Par ailleurs, les fermes-écoles cherchaient à maintenir les jeunes dans leurs villages qui se vidaient de plus en plus à cause de la recherche d’un travail rémunérateur dans les plantations et les mines où le bonheur espéré était factice et illusoire. Les élèves étaient donc appelés à travailler dignement au développement de leur propre milieu dans leur village 1323 .

Malgré leur utilité, ces fermes-écoles ne répondaient pas aux aspirations des autochtones par le fait qu'elles ne formaient pas une élite mais des fermiers. Elles n’étaient pas jugées à leur juste valeur car la population croyait que c’était des écoles où, selon l’expression ambiante, ‘on apprend au poisson à nager’ (kufundisha samaki kuogelea) En réalité, les Nande qui vivent de l’agriculteurs ne pouvaient pas comprendre pourquoi les missionnaires voulaient leur apprendre ce qu’ils pratiquaient déjà.

Bien plus, à cette période, la mentalité avait changé avec l’introduction de l’enseignement scolaire. Il avait, selon les autochtones, une finalité plus noble que le travail manuel et le petit élevage qui n'étaient pas considérés comme des métiers. Pour les autochtones, l'école primaire ouvrait l'élève à un avenir meilleur de commis, d’infirmier, d’enseignant, et autres services rémunérés.

Cette situation créa le sentiment chez les paysans d’être la part délaissée, peu enviable dans la nouvelle société à tel point que les parents reprochent à leurs enfants leur irrégularité à l’école et se plaignent de l’avenir de ces enfants qui se condamnent à ne regarder que la terre par le travail manuel des champs et à ne veiller que sur les chèvres à paître dans la brousse.

Un autre facteur qui contribua à la dépréciation des fermes-écoles fut le contexte colonial. Les autochtones, attachés à leurs cultures traditionnelles, furent contraints de cultiver des plantes vivrières afin de ravitailler en légumes et en produits locaux, les Européens. Des produits industriels, le théier, le caféier, le pyrèthre, et le palmier, la population locale n’en voyait ni la nécessité ni l’utilité. C’est bien plus tard, dans les années 1970, qu’elle en aperçut l’importance à cause de son revenu économique.

Bien plus, chaque personne devait fournir une quantité exigée de ces produits aux agents responsables. Par conséquent, l’instruction dans une ferme-école fut considérée comme un recul qui ramène l'élève au champ dont il espérait se libérer et s'émanciper en poursuivant les études.

Ces travaux forcés sanctionnés parfois par la prison ne donnaient pas le goût du travail manuel.
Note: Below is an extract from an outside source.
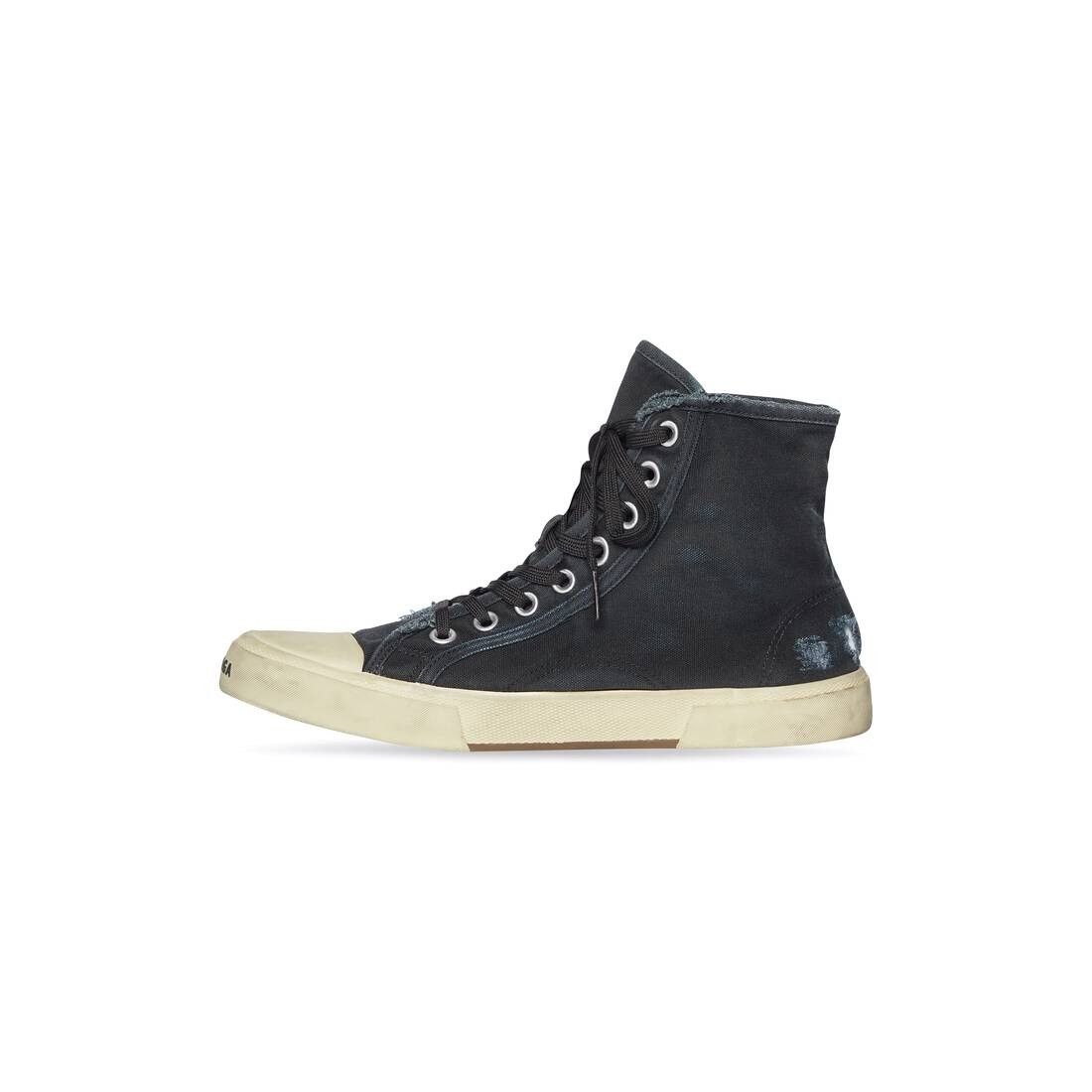Balenciaga o1tr1nto0625 Paris High Top Sneakers in Black Size US 6 / IT 36 - 4 Thumbnail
C’est pourquoi, la littérature coloniale et missionnaire accusait les Noirs de paresse. Par contre, les jeunes préférèrent quitter leurs milieux pour se mettre au service des entreprises européennes dans les exploitations minières, les plantations des colons, et les établissements de commerce où le travail, bien que lourd et pénible, était rémunéré 1324 .

Néanmoins, les fermes-école de Mbingi fonctionnèrent pendant plus de dix ans. Pour aider ses élèves, le Père Marie-Jules Celis composa un manuel bilingue : Tufuge Wanyama dont l'édition de 1947 fut reconnue par le gouvernement colonial congolais 1325 .. Cette ferme-école a développé l'élevage du petit bétail à cause de la pauvreté du sol et de la difficulté d'évoquer les produits agricoles.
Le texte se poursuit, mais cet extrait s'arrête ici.